Unamuno se revelaría con todas sus fuerzas contra esta afirmación. Si no resucito con el cuerpo que ahora mismo siento, escribo, hablo, dudo, imagino, ¿qué Resurrección es esta? Estaríamos devaluando, una vez más, la creación de la carne humana, sentiente y sentida, el cuerpo y, con él, la naturaleza, pues el hombre es la criatura elegida, el único ser vivo capaz de formularse estas preguntas, hipótesis, o de creer en tales testimonios.

El teólogo tendrá que aclararnos el otro modo de presencia humana de Jesús. Si para salvaguardar la autonomía del hombre, su libertad, sacrificamos una parte de la creación, la del cuerpo, o la convertimos en modo real, pero no físico, presuponemos un concepto de realidad mágica, tan trascendente que el hombre no puede comprenderla por mucho que ahondemos en la creación que nos sostiene. Y si “la resurrección acontece en la misma cruz”, al margen de la carne torturada, la pregunta se impone: ¿no estaba ya resucitado, siempre vivo, pues la creación lo sostenía?

Es un hecho que nadie vio la Resurrección de Cristo, aunque después se presentara este, según diversos testigos, de otros modos corporales y espirituales. Las apariciones de Jesús post mortem confirman su universalidad humana, trascendente, al asumir diversas formas de hombre. Sin el hecho de la Resurrección confirmada por la palabra viva de los apóstoles, comprometidos con ella existencialmente, pues casi todos murieron de muerte violenta, “es vana nuestra predicación, es también vana nuestra fe”, afirma el apóstol Pablo (1 Cor 15, 14). Los creyentes serían “los más miserables de todos los hombres”, sigue reflexionando este judío converso. Sabía cuál era el precio de su aventura. Y el Papa actual, Benedicto XV, repite con más énfasis esta declaración: “Si Cristo no ha resucitado, el cristianismo es absurdo”.

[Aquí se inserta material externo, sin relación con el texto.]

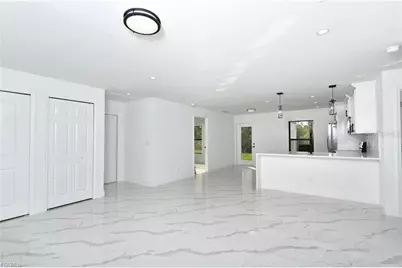 3417 57th Street W, Lehigh Acres, FL 33971 - Photo 4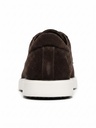 OPUS-Shoe Back & Heel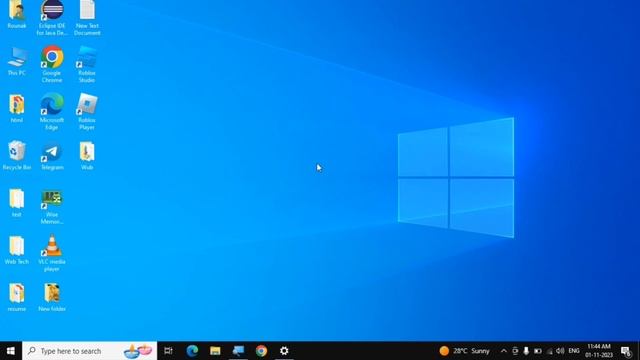 Microsoft Store Not Downloading Apps or Games (NEW FIX) 2023 смотреть онлайн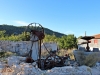 4_elaiotriveio_dragano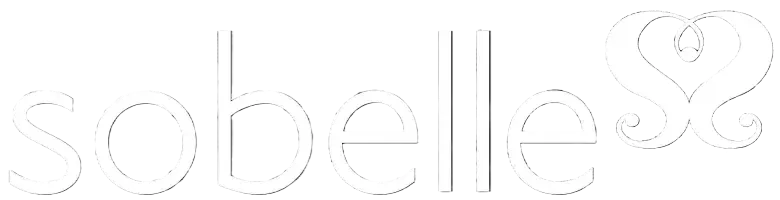 Sobelle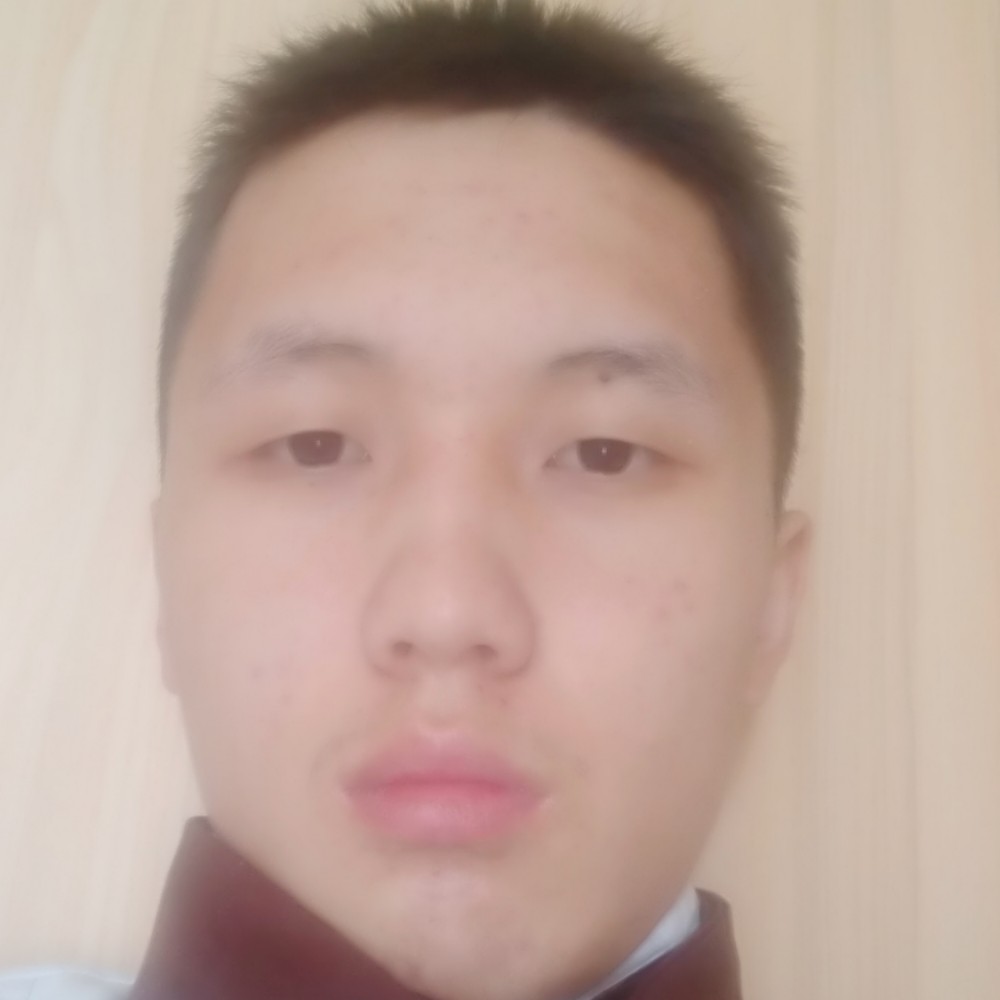 纯情网络的照片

Por eso resulta un tanto anacrónico que se insista más en la muerte de Jesús y en la imaginería yacente, sufrida, que en Cristo resucitado. Si la fe cristiana dependiera solo de la historia, no se hubiera mantenido tan firme. Cada creyente experimenta a su modo la presencia creadora, y a pesar de la muerte, o contando con ella. Jesús afirma que después no será como ahora. Ya no habrá familia ni lazos entendidos como los humanos. El sentir actual desaparece. Se transforma, por tanto, en otro orden de creación y existencia. ¿Por qué preocuparse entonces del cadáver?

Torres Queiruga no niega la Resurrección, pero la volatiliza, pues se trata, según él -se deduce-, de la continuación creadora del alma fuera ya del cuerpo. Un modo platónico, y hasta hegeliano, de entender este fenómeno del Nuevo Testamento. Dios no puede morir en ningún instante ni bajo ningún modo de existencia si es acto de creación pura. Más bien tendrán que explicarnos los teólogos qué atractivo especial tiene la creación del cuerpo humano para que Dios se haya encarnado en su propia criatura. Preocupación por lo muerto no, pero por lo vivo sí, y un cuerpo muerto ya no es carne viva.